Supplied entries START

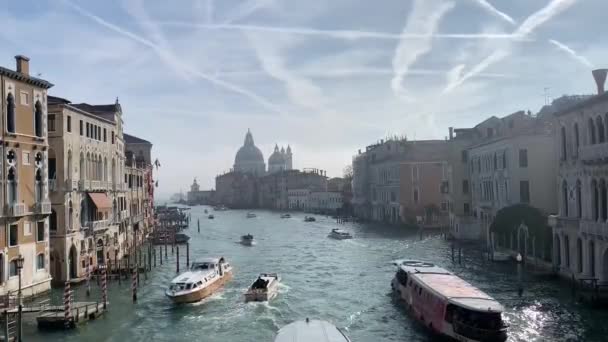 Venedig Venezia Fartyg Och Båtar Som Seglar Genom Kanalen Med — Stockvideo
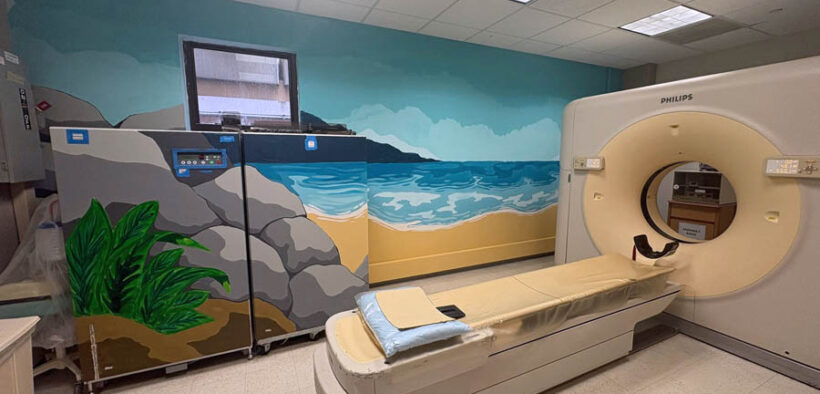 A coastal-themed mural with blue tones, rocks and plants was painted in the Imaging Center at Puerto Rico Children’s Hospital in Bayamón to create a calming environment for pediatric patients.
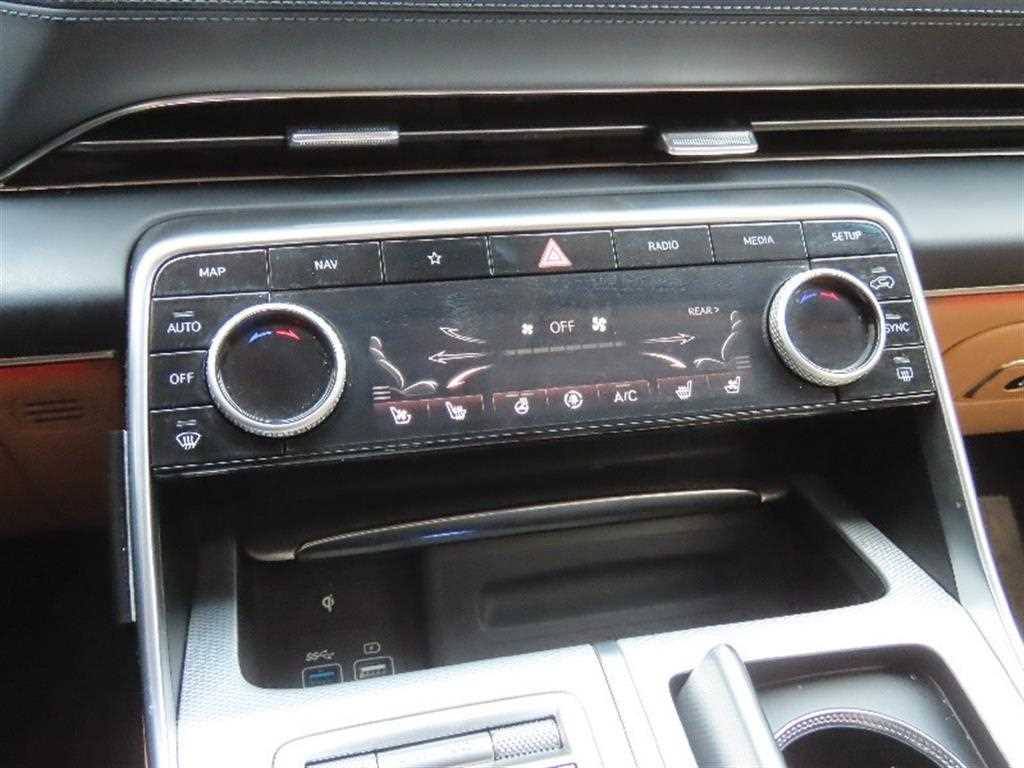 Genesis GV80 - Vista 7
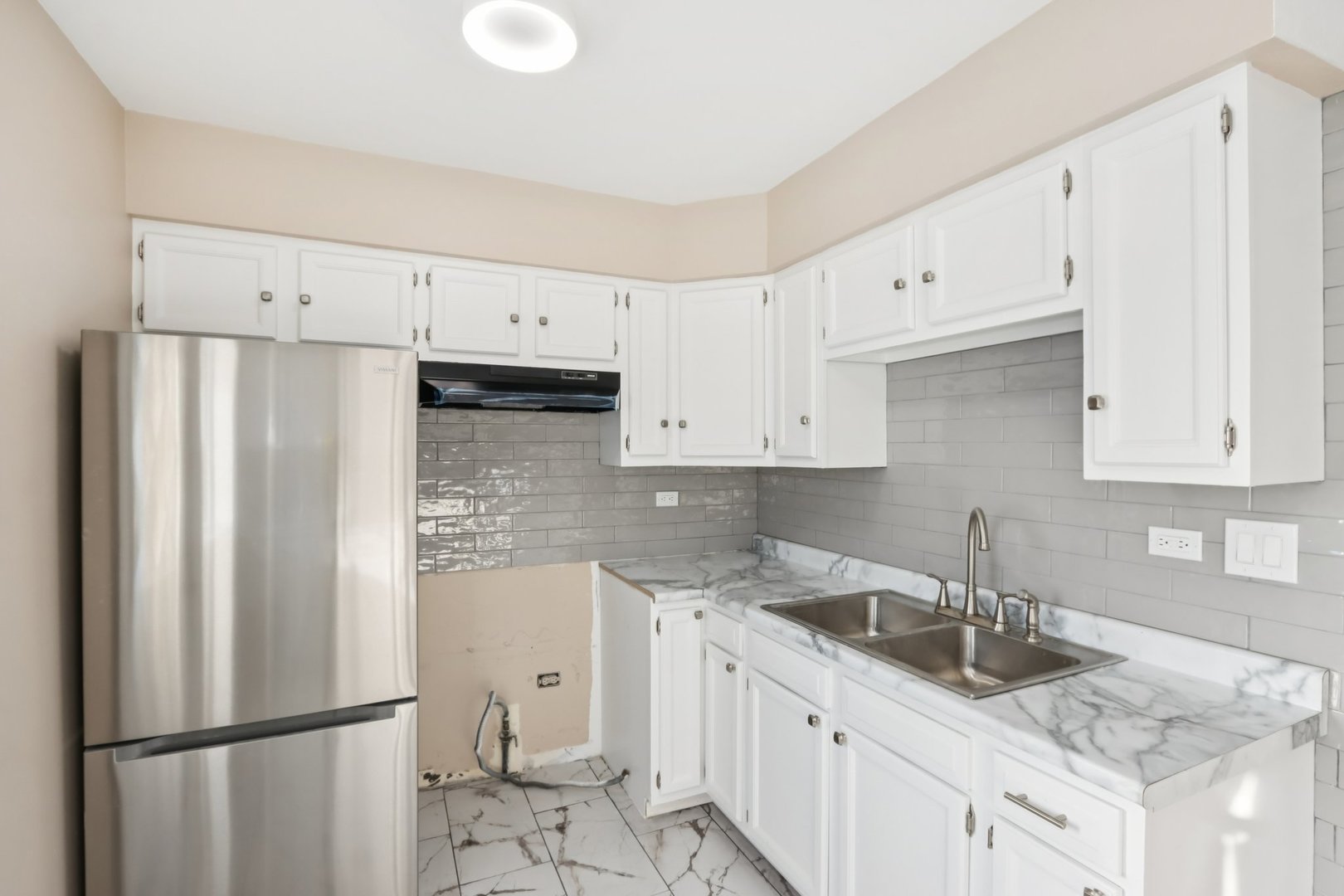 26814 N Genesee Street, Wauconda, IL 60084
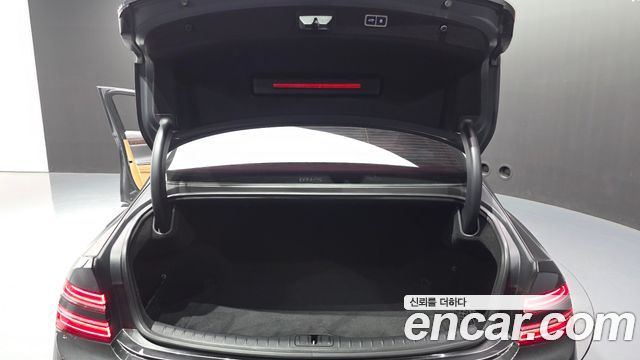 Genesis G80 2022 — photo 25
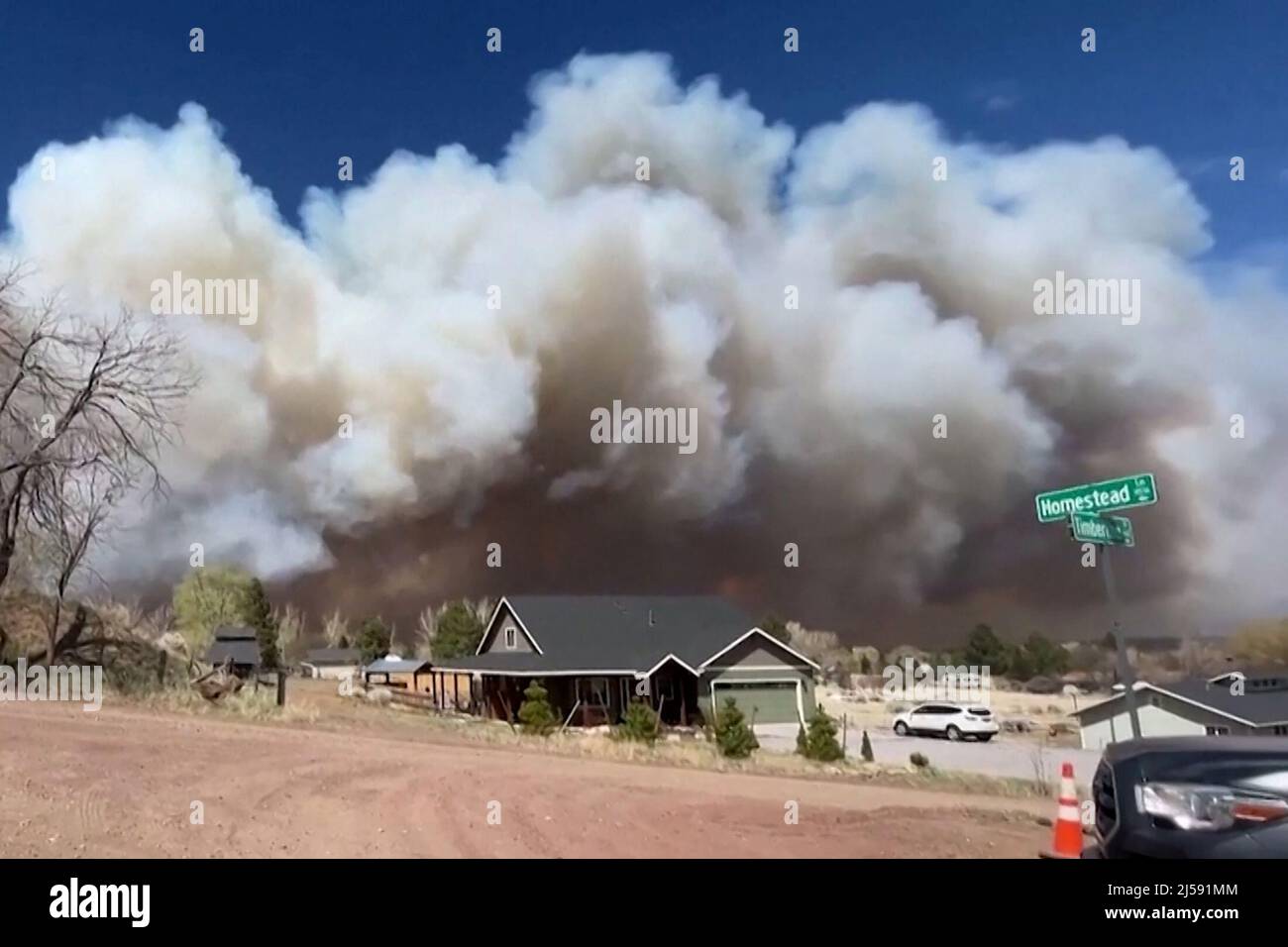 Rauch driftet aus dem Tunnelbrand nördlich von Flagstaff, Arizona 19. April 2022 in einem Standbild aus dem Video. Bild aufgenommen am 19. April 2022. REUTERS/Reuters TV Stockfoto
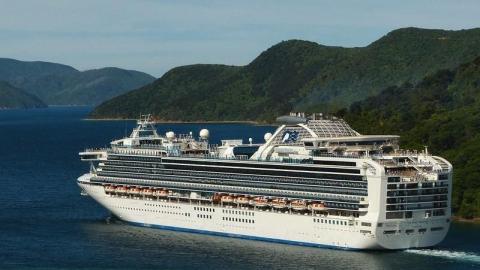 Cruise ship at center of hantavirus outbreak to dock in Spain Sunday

Supplied entries END

• Required work: In your copy, please omit the pictures and print every line of the records exactly.

• Exercise response:
 Venedig Venezia Fartyg Och Båtar Som Seglar Genom Kanalen Med — Stockvideo
 A coastal-themed mural with blue tones, rocks and plants was painted in the Imaging Center at Puerto Rico Children’s Hospital in Bayamón to create a calming environment for pediatric patients.
 Genesis GV80 - Vista 7
 26814 N Genesee Street, Wauconda, IL 60084
 Genesis G80 2022 — photo 25
 Rauch driftet aus dem Tunnelbrand nördlich von Flagstaff, Arizona 19. April 2022 in einem Standbild aus dem Video. Bild aufgenommen am 19. April 2022. REUTERS/Reuters TV Stockfoto
 Cruise ship at center of hantavirus outbreak to dock in Spain Sunday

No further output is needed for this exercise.